* **ABOUT THIS EXERCISE**: The line containing "Hi guys, welcome" marks the start; please restate exactly that line and only the lines following it through the end of the material below.

* **AVAILABLE DATA**:
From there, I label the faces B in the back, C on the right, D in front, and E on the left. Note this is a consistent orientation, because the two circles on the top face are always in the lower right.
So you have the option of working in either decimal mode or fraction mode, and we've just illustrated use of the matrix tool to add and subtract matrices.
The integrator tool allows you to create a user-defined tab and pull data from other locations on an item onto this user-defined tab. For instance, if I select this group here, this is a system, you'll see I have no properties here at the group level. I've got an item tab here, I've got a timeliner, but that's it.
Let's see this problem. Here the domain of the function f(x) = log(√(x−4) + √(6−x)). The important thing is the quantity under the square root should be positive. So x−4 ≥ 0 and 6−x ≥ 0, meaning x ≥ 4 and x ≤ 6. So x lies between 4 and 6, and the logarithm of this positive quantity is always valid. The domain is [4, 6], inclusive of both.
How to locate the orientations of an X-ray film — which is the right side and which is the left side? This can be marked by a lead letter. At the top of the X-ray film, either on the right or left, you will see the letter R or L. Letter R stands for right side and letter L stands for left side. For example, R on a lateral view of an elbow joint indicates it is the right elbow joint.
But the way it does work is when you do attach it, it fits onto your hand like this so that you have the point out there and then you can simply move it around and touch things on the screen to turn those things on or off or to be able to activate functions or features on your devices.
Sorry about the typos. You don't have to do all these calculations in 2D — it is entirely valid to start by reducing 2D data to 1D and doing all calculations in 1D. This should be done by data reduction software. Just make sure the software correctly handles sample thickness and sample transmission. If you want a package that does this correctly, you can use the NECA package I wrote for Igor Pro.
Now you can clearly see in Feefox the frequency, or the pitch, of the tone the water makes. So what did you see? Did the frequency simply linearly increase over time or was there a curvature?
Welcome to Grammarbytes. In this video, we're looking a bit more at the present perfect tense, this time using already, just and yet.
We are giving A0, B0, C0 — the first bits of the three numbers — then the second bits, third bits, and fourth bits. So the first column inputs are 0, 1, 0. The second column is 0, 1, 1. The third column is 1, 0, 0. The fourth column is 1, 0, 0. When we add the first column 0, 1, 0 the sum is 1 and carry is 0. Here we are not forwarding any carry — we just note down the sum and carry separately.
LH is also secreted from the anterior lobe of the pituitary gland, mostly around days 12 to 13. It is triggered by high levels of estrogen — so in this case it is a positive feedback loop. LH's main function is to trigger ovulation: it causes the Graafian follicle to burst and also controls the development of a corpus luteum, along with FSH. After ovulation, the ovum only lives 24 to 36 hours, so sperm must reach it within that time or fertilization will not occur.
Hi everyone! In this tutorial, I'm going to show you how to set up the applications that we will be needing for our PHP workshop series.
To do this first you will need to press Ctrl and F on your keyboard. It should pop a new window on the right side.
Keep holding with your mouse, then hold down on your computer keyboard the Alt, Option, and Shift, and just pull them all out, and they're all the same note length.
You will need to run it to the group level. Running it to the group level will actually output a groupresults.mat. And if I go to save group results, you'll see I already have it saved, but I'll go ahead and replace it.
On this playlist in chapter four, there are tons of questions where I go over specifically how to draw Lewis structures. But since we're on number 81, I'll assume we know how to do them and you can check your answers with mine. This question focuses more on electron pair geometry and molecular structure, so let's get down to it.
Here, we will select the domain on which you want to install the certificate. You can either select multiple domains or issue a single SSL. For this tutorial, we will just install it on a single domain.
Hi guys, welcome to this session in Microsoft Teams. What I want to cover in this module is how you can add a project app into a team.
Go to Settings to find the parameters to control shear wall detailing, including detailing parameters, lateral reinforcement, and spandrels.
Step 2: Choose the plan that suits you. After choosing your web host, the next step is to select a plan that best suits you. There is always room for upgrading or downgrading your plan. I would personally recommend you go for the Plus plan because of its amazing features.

* **ANSWER SECTION**:
Hi guys, welcome to this session in Microsoft Teams. What I want to cover in this module is how you can add a project app into a team.
Go to Settings to find the parameters to control shear wall detailing, including detailing parameters, lateral reinforcement, and spandrels.
Step 2: Choose the plan that suits you. After choosing your web host, the next step is to select a plan that best suits you. There is always room for upgrading or downgrading your plan. I would personally recommend you go for the Plus plan because of its amazing features.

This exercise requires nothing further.